Неожиданно пишущая машинка дала ему мысль: составить новую записку для министерства иностранных дел. В местечке переписчиков не было, во всяком случае не было вполне надежных. Записку, написанную пером, министру было бы не очень легко прочесть. Тонышев написал страниц двадцать об одном происходившем в Лондоне совещании, где между других дел обсуждалась будущая участь славянских народов Австро-Венгрии. Газеты сообщили об этом совещании кратко, докладов в министерство и его инструкций послам Алексей Алексеевич не видел, кое-что знал из писем сослуживцев. Но состав участников был ему известен, и он приблизительно догадывался, что могли думать Грей, Никольсон, Делькассе и пока еще бессильные, но много обещавшие эмигранты, как Масарик, Бенеш и другие.
Он сделал оговорку, касавшуюся своей недостаточной осведомленности. Несмотря на свою любовь к Вене и уважение к Францу-Иосифу, Алексей Алексеевич в записке высказывался за расчленение «Лоскутной империи». На Западе этот взгляд особенно горячо защищали Масарик и Бенеш. Некоторые другие склонялись к тому, что сохранение Габсбургской империи желательно, так как иначе ее немецкие земли рано или поздно воссоединятся с Германией. Бенеш в разговорах высмеивал это мнение и объяснял его полным невежеством иностранцев. Тонышев был близок к этому взгляду, но вносил некоторое компромиссное предложение: из этих немецких земель должно быть образовано австрийское королевство во главе с наследником, эрцгерцогом Карлом. Кончины Франца-Иосифа давно ждали со дня на день, а молодой эрцгерцог, наверное, удовлетворился бы сравнительно небольшим королевством. Можно было бы даже оставить ему и Венгрию. Эти католические страны с католическим королем составили бы оплот против Берлина. Все славянские земли, разумеется, должны были отделиться. Австрийская Польша, как и германская и русская, должны войти в единое королевство под скипетром Романовых, хорватские земли отойдут к Сербии, а Чехия станет самостоятельной республикой.
Алексей Алексеевич сочувствовал славянам, но к республикам у него не лежала душа, и ему не хотелось, чтобы совершенно сошла со сцены тысячелетняя габсбургская династия. Кроме того, ему действовал на нервы Бенеш, которого он в свое время встречал. Этот бывший школьный учитель, невзрачный, плохо говоривший по-французски человек раздражал его своей необычайной самоуверенностью, честолюбием, ясно чувствовавшимся в нем желанием стать президентом Чешской республики, либо первым (старик Масарик мог ведь и умереть), либо, в крайнем случае, вторым.
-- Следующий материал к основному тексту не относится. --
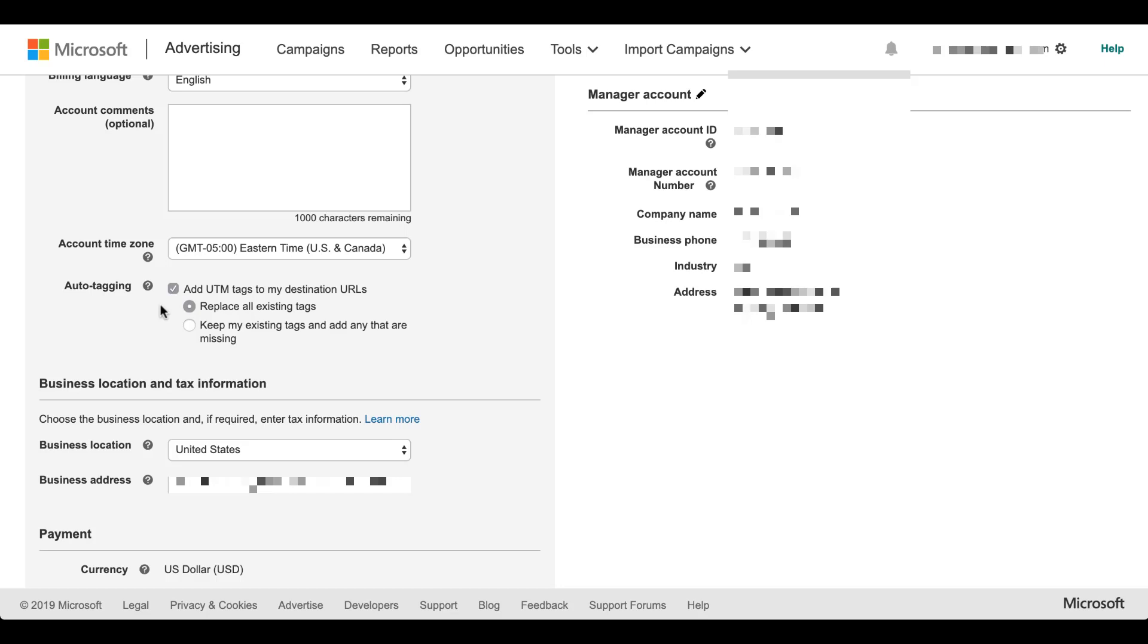Now there are going to be two buttons down here that you can choose from. One is replace all existing tags. I wouldn't suggest you use replace all existing tags unless you know that one, all the tags that are currently in the account are garbage or that there's none and that you basically don't need anything that's currently in the account. The only other instance is two, if you know that in the future, you're never going to need to tag something manually to be different from something else, to have it mapped to a different campaign or call an ad variant something different.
Константинополь с проливами, по записке Тонышева, отходил к России. Об этом у него в Москве выходили часто споры с Ласточкиным, который с раздражением доказывал, что турецкие земли, где никаких русских нет, России совершенно не нужны, что из-за Айи-Софии турки все лягут костьми, как русские люди сражались бы до последней капли крови за Кремль, и что вообще не нужны никакие аннексии, – достаточно глупо было и завоевывать в восемнадцатом веке Польшу.
В заключении записки Алексей Алексеевич доказывал, что изложенный им план найдет поддержку во Франции: там тоже очень боятся возможного в будущем присоединения Австрии к Германии. В Англии будет и оппозиция, но часть министров на план согласится, как и «Таймс» с могущественными лордом Нортклиффом и Уикхэмом Стидом; и между тем поддержка «Таймс» имеет больше значения, чем мнение нескольких министров.
На «Певческом мосту» существовали разные направления. Преобладало теперь то, которому идеи Тонышева, особенно австрийское королевство и ограничение числа республик, были приятны. Записка Алексея Алексеевича показалась чрезвычайно интересной самому министру. Она имела неожиданное последствие. Министерство «вытребовало» Тонышева, и он был назначен посланником в одну из небольших нейтральных стран. Это государство само по себе не имело значения и даже не стремилось к этому, считаясь со старым положением: «счастливые народы не имеют истории». Но оно признавалось очень важным наблюдательным пунктом и к тому же (или именно поэтому), как и еще две-три страны в Европе, кишело секретными агентами воюющих держав.
Алексей Алексеевич обрадовался чрезвычайно. Помимо того, что ему надоела жизнь и служба на этапном пункте, ему предложили первый в его жизни пост посланника, редко выпадавший дипломатам его возраста. И, главное, он знал, что будет на этом посту очень полезен России. Правда, новый отъезд за границу должен был огорчить его жену. «Зато теперь опять будем вместе», – написал он ей.
От Нины Анатольевны пришли сначала телеграмма, затем письмо: она горячо его поздравляла, – угадывала его настроение. Сердечно поздравляли и Ласточкины. Татьяна Михайловна только высказывала опасение: опять этот переезд морем, подводных лодок у немцев все больше.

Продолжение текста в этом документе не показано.